Work through the entries below and show every line in which "Apartment" is found.

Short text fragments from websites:
+===+
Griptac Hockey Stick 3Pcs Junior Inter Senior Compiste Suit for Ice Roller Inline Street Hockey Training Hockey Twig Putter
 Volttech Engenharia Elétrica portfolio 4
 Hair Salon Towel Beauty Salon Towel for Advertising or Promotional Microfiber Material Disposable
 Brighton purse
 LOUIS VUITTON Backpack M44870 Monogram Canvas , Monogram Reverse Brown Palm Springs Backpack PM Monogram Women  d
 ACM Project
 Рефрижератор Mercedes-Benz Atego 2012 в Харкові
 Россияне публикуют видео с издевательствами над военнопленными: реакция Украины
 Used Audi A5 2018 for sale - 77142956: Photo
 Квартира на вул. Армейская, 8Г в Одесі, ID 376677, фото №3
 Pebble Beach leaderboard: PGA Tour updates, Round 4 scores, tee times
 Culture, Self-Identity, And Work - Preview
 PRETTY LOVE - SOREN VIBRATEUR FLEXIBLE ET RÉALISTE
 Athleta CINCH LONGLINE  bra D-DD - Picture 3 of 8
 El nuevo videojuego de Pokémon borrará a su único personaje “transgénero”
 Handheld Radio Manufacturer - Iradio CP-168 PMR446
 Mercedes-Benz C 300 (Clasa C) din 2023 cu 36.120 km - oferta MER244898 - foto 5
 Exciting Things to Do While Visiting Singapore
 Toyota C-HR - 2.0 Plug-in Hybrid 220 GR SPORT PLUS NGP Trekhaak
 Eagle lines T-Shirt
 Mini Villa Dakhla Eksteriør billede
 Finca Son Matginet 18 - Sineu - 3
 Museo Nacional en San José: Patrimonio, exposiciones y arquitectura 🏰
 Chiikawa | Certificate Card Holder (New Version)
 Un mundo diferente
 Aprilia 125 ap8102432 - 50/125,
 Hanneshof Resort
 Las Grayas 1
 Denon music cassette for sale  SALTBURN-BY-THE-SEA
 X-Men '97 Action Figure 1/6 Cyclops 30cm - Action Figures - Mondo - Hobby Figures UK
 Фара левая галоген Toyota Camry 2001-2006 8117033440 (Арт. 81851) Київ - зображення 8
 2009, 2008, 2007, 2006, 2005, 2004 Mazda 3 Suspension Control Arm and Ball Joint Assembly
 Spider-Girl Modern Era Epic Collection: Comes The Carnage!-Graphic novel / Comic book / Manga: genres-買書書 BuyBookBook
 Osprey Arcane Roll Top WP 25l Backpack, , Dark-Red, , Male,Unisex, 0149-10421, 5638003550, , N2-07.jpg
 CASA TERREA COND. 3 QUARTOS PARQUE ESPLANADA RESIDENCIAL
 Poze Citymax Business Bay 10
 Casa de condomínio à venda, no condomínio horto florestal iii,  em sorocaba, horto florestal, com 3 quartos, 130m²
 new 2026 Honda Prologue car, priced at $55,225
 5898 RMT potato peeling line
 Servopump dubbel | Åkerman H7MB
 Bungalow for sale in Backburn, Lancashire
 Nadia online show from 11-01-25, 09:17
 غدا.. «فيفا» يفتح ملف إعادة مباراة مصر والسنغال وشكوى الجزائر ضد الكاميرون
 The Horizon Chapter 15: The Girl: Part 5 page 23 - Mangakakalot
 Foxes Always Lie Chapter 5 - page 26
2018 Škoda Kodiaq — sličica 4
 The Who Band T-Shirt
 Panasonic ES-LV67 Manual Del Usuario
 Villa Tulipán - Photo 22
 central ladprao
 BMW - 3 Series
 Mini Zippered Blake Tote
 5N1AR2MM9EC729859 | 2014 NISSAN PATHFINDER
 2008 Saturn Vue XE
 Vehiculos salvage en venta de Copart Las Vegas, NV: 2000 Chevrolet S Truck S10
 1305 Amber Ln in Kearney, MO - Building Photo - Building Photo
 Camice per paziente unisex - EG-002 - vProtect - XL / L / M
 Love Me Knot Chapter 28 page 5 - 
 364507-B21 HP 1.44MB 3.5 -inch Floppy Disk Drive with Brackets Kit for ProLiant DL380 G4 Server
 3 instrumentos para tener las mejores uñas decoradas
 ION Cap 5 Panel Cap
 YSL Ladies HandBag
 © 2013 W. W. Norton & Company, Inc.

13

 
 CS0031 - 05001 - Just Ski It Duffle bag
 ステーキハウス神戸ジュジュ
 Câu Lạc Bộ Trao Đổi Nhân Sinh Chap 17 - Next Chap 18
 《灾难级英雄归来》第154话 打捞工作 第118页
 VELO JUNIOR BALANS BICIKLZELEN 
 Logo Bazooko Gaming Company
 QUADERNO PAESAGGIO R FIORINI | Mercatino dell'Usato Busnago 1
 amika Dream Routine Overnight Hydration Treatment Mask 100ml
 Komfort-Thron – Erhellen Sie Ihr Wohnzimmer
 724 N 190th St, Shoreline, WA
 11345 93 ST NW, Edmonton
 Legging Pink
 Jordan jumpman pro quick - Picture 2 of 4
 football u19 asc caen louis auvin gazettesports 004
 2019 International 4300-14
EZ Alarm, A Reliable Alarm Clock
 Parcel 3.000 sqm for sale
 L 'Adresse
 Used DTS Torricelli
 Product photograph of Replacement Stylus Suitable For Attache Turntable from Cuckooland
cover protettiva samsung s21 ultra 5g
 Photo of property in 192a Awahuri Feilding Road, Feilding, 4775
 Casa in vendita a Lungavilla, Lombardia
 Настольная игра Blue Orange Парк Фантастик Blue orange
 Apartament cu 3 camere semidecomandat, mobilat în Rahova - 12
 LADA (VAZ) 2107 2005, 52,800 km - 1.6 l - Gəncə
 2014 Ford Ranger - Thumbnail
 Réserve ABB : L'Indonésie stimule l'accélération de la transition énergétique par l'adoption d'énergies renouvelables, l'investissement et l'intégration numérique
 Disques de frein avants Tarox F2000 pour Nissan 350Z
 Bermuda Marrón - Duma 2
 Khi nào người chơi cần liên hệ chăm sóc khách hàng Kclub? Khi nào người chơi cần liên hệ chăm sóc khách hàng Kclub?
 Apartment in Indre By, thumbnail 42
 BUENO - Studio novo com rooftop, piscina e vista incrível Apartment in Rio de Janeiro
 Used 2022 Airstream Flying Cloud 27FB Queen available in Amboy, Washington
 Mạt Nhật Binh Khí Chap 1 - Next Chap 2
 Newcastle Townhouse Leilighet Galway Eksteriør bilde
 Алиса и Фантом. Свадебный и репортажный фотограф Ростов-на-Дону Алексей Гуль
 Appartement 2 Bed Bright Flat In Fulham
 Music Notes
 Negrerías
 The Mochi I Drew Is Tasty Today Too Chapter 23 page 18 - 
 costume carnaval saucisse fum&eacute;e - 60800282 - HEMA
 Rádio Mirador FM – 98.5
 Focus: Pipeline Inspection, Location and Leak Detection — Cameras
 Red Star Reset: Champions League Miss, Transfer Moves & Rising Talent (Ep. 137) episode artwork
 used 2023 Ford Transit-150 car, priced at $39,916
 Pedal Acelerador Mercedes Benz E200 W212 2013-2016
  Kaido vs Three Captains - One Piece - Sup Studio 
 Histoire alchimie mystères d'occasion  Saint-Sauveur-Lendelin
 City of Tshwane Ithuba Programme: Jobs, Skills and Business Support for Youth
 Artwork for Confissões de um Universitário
+===+
[Result]:
 Apartment in Indre By, thumbnail 42
 BUENO - Studio novo com rooftop, piscina e vista incrível Apartment in Rio de Janeiro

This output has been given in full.